I disturbi del DSM-5, così come di qualsiasi altro manuale diagnostico, sono prototipi.

Quindi, non corrispondono perfettamente alla realtà.

Nessun paziente ansioso corrisponderà mai perfettamente a quello che dice il DSM-5. Due pazienti con la stessa diagnosi non saranno mai uguali.

Non confondere il fine con il mezzo

Il DSM-5 (o altri manuali psichiatrici), così come i test o altri strumenti di valutazione, sono un mezzo, non sono un fine, per il clinico.

Il fine è descrivere e capire il funzionamento globale della persona, quindi sono i mezzi che devono adattarsi al fine, non la persona ad adattarsi ai mezzi.

Lo stesso DSM-5, all’inizio, contiene una sezione di raccomandazioni per l’uso, come quelle presenti nei farmaci: un uso rigido è controindicato.

DSM e approcci

Il DSM è a-teorico, svincolato da qualunque approccio e da qualsiasi ideologia preconcetta, basato soltanto su indicatori comportamentali osservabili.

D’altra parte, bisogna fare attenzione quando si parla di approcci.

Ad esempio, parlare di approccio psicoterapeutico, a prescindere da quale sia, per molti professori è un errore grave, perché significa che il candidato confonde e sovrappone lo psicologo con lo psicoterapeuta.

L’approccio conviene chiamarlo in causa solo se richiesto, solo dove richiesto, e solo dopo aver fatto lavorare lo psicologo.

Infatti, può essere richiesto, perché magari la traccia è formulata da commissari psicoterapeuti con una cultura più tradizionalista, che si sono formati in un periodo storico in cui lo psicologo veniva appiattito sullo psicoterapeuta e non era concepibile uno psicologo che NON fosse anche psicoterapeuta.

Il loro “bias” è rimasto e infatti in alcune tracce ancora si vede la contaminazione, ma anche quando è esplicitamente richiesto il riferimento a un approccio, andrebbe comunque evocato dopo l’intervento dello psicologo e previo invio allo psicoterapeuta.

Questo per non svalutare lo psicologo e per non irritare i commissari più “moderni”, che invece ci tengono alla chiara distinzione tra psicologo e psicoterapeuta.

In una stessa commissione possono convivere sia commissari “moderni” che commissari di cultura più “tradizionale”.

Vantaggi e svantaggi del DSM-5

I criteri del DSM-5, oltre a essere a-teorici, sono descrittivi, osservabili e quantificabili, quindi precisi e imparziali.

E questo è un punto di forza, per carità, ma anche un limite che poi richiede l’integrazione di indagini psicologiche, più qualitative e meno categoriali.

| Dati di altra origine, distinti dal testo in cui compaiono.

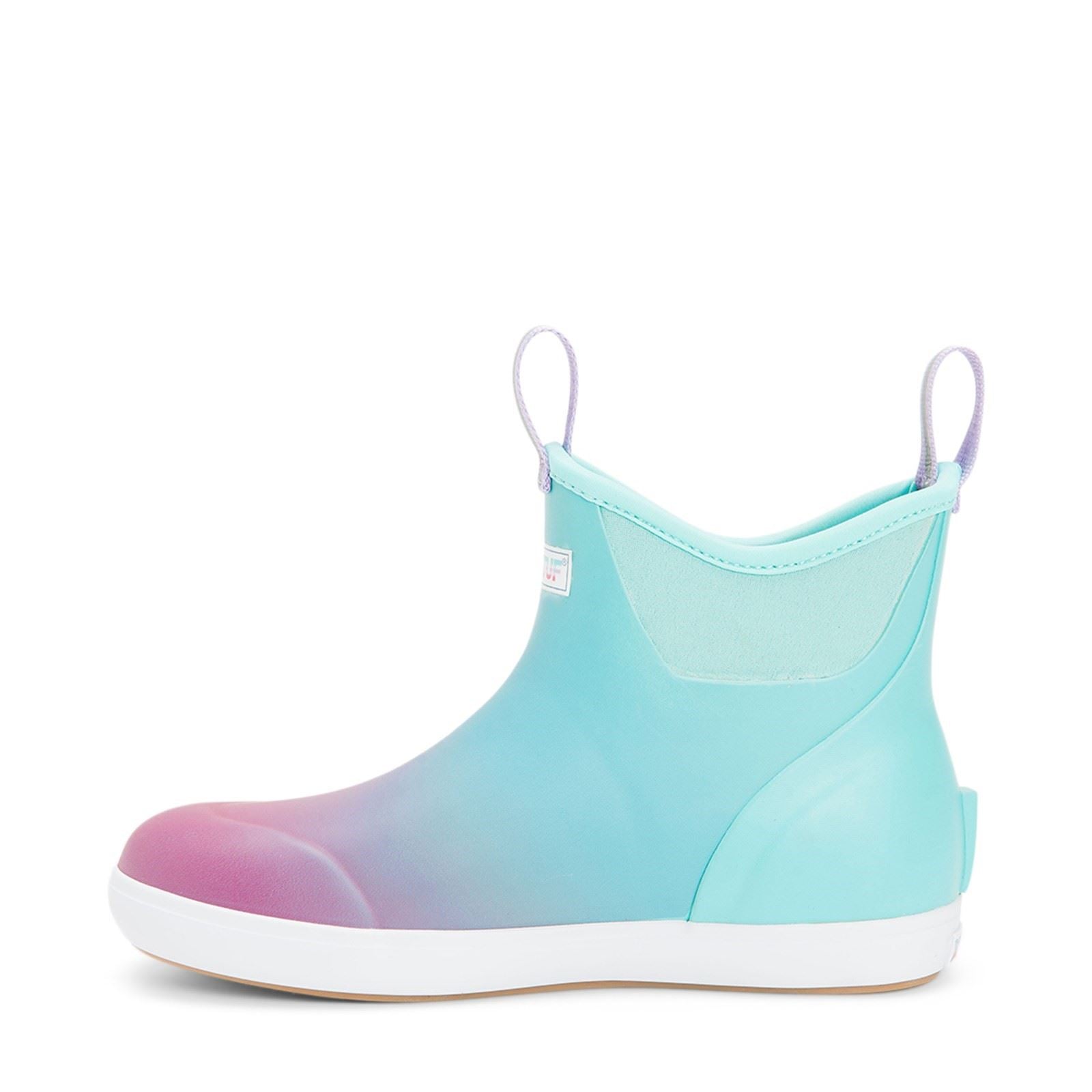 Xtratuf Wadenhohe Gummistiefel Blau Aurora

Basandosi solo su quei criteri, spesso non si coglie un disagio che si manifesta in un altro modo oppure che non risulta molto visibile e plateale.

Ad esempio, quante volte una persona si uccide oppure uccide qualcuno e i parenti, amici, vicini di casa dicono: “Non aveva dato nessun segnale, era una brava persona, nessuno avrebbe mai sospettato che fosse così depresso” oppure “…così violento”, ecc.

Ma è vero, non ce l’hanno scritto in fronte, non esistono solo i sintomi ben osservabili come fa presupporre il DSM.

Possibile obiezione: “Ma se uno è depresso si vede: è rallentato, mangia poco, dorme troppo, si isola e non gli interessa più niente…”

Invece esiste anche la depressione “ad alto funzionamento”, dove la persona è costretta a funzionare, andare a lavorare, fare la vita di tutti i giorni, per pagare l’affitto e mantenere i figli, e quant’altro.

Per cui non si può permettere neanche il “lusso” dei sintomi del DSM-5.

Dove non può arrivare il manuale, arriva lo psicologo

Gli aspetti evidenti riportati dal DSM-5 spesso sono solo apparenze rassicuranti che possono ingannare o fuorviare.

Da qui l’importanza dei commenti psicologici, che procedono oltre quello che si vede e si conta, esplorano i vissuti, danno voce a quello che c’è al di là dei comportamenti osservabili e ipotizzano anche quello che nessuno sospetterebbe.

Nella terza prova come nella pratica clinica.